ME: How difficult is it for manufacturers to obtain optimal cybersecurity while melding their IT with shop-floor OT?
Morales: In the age of Industry 4.0, manufacturers are racing to get an edge by integrating complex digital systems, IIoT devices and cloud computing resources to power analytics, automation and optimization. Consequently, OT networks are converging with IT networks faster than our ability to protect those devices. Manufacturers are using a broad variety of smart, connected IIoT devices on a vast scale: A single manufacturing plant may have tens of thousands of IIoT devices and sensors—sending a steady stream of data to the edge or cloud.
In addition, manufacturers use many enterprise IoT devices—surveillance cameras, digital signage, building automation and environmental controls, for example. Like IIoT sensors and instruments, many of these smart devices are new and lack a proven history of security.
ME: Why are older “air-gapped” industrial controls inherently more secure than the new cloud-based digital systems in manufacturing?
Morales: Many factories connect IIoT and industrial control system (ICS) devices to large, highly connected networks that rely on communication with general computing devices and enterprise applications.

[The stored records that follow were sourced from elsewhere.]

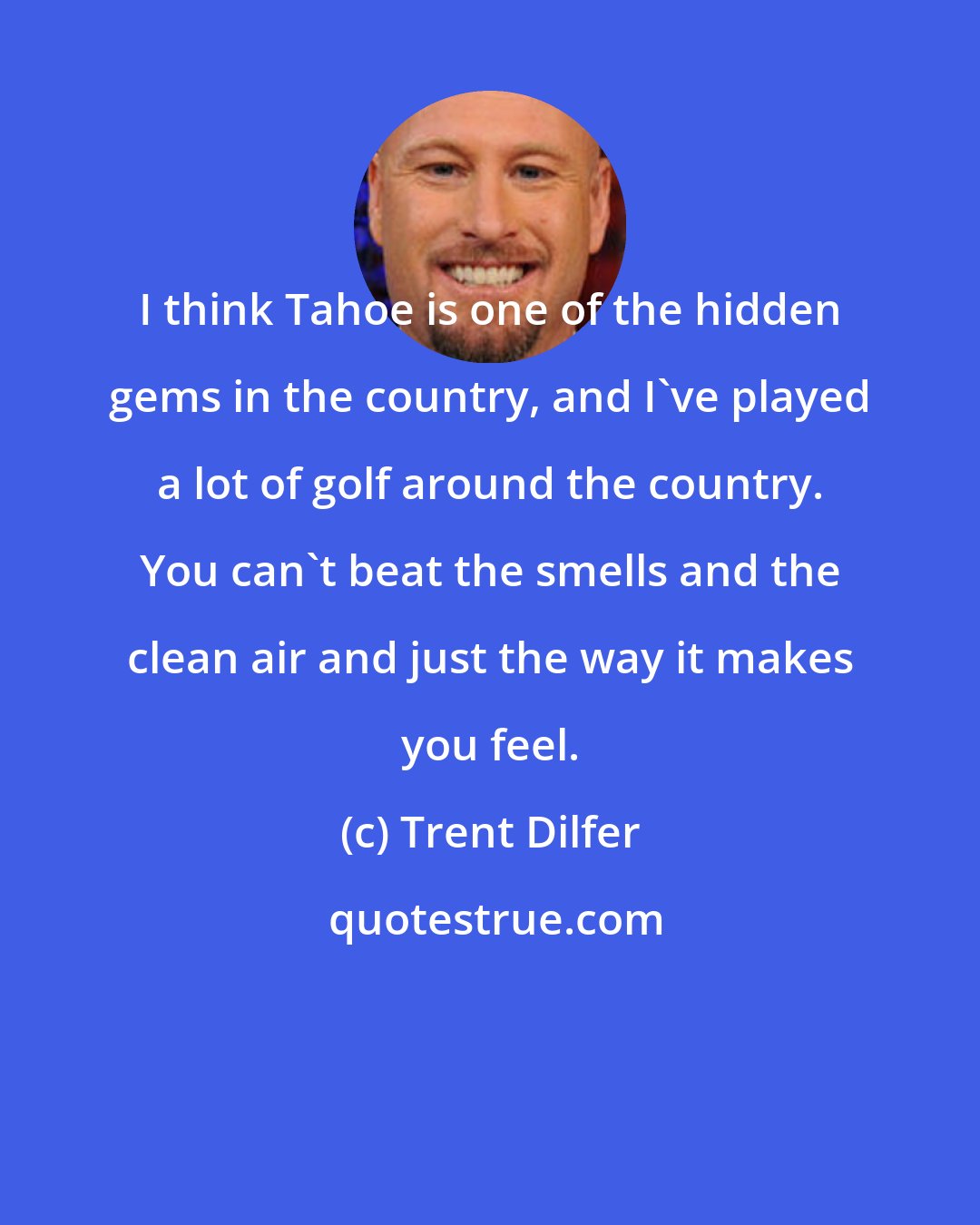Trent Dilfer: I think Tahoe is one of the hidden gems in the country, and I've played a lot of golf around the country. You can't beat the smells and the clean air and just the way it makes you feel.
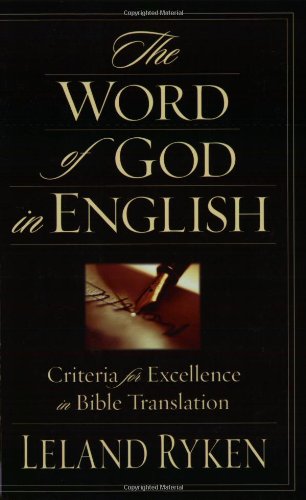 The Word Of God In English Criteria For Excellence In Bible Translation Leland Ryken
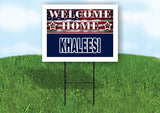 KHALEESI WELCOME HOME FLAG 18 in x 24 in Yard Sign Road Sign with Stand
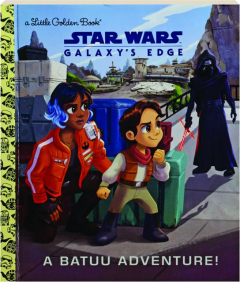 A BATUU ADVENTURE! <I>Star Wars:</I> Galaxy's Edge--A Little Golden Book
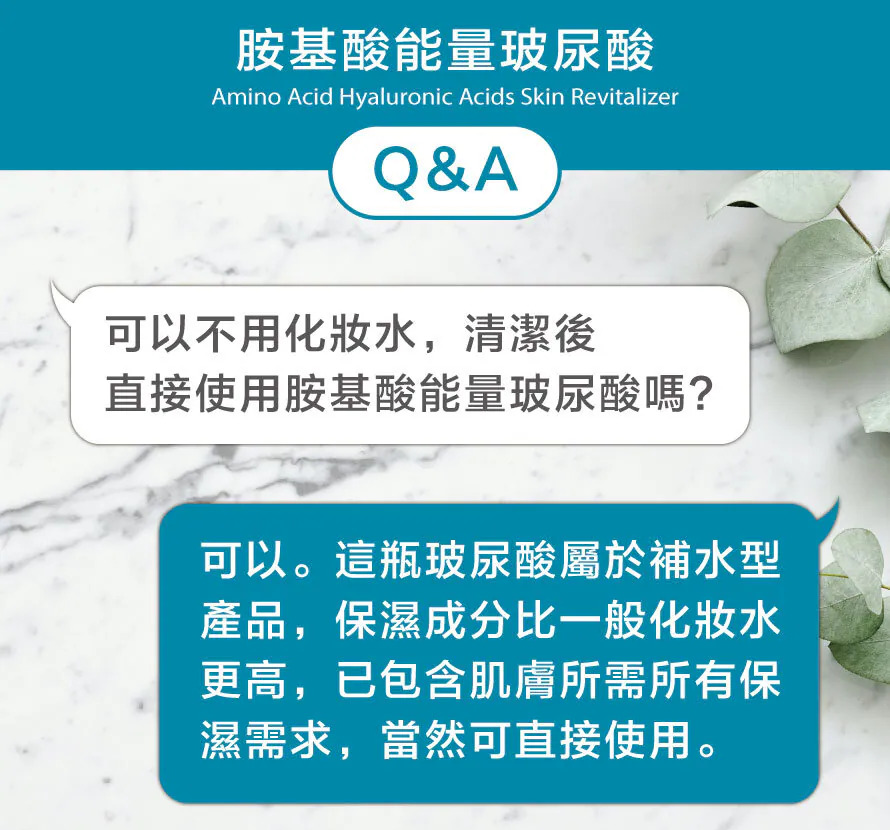 胺基酸能量玻尿酸使用Q&A：洗臉清潔後，可以直接使用胺基酸能量玻尿酸取代一般化妝水，因其屬於高保濕成分的補水型產品，已包含肌膚所需的所有保濕需求。
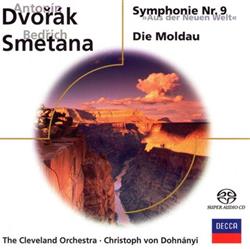 lytte på nettet Antonín Dvořák, Bedřich Smetana, The Cleveland Orchestra, Christoph von Dohnányi - Symphonie Nr 9 Aus Der Neuen Welt Die Moldau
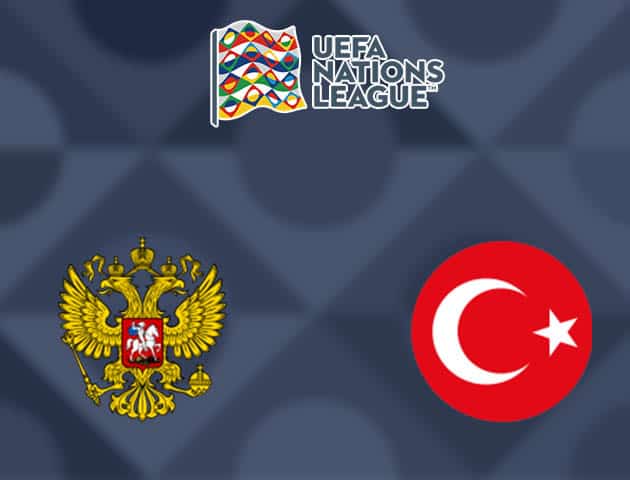Soi kèo nhà cái Nga vs Thổ Nhĩ Kỳ, 12/10/2020 - Nations League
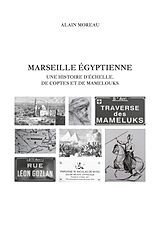 eBook (epub) Marseille égyptienne de Alain Moreau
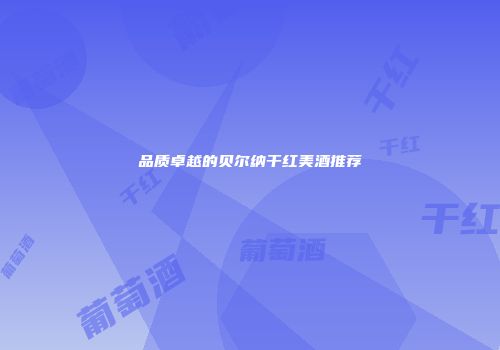 品质卓越的贝尔纳干红美酒推荐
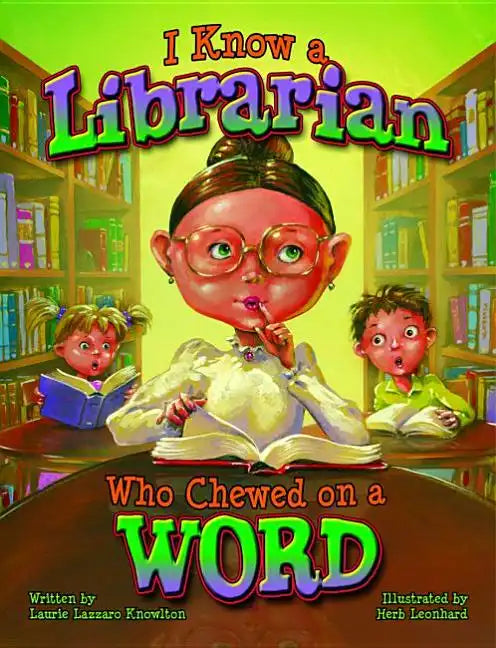 I Know a Librarian Who Chewed on a Word - Hardcover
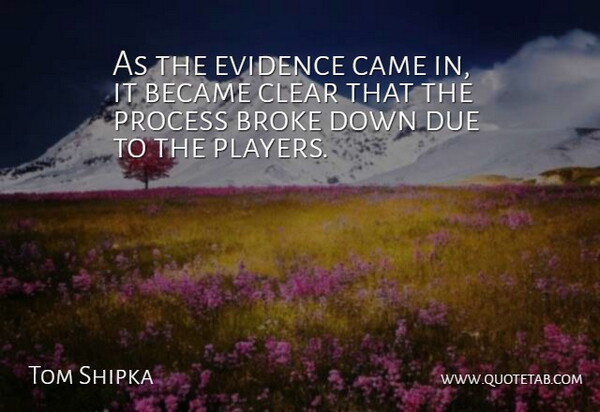 Tom Shipka Quote About Became, Broke, Came, Clear, Due: As The Evidence Came In...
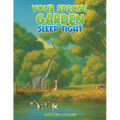 Your Special Garden: Sleep Tight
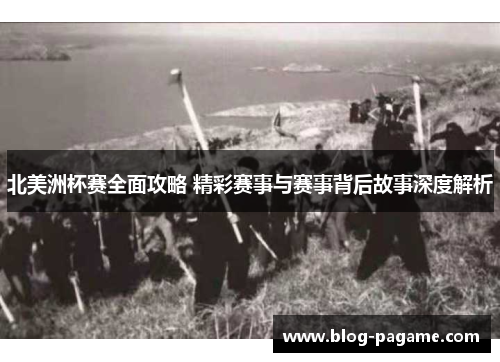 北美洲杯赛全面攻略 精彩赛事与赛事背后故事深度解析 北美洲杯赛全面攻略 精彩赛事与赛事背后故事深度解析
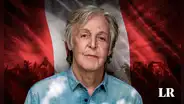 Paul McCartney confirma concierto en Perú este 2024: conoce la fecha, precios de entradas y todo sobre el show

These digital factories have Internet-enabled production lines for data telemetry and remote management.
In the past, manufacturers relied on more customized, proprietary protocols, which made mounting an attack more difficult for cybercriminals. An attack used to require highly specialized knowledge of a manufacturer’s ICS and a method for accessing those devices, which quite often meant a trusted insider who was incentivized to compromise their employer. The conversion from proprietary to standard protocols makes it easier to infiltrate the manufacturing network infrastructure from a remote location without an insider.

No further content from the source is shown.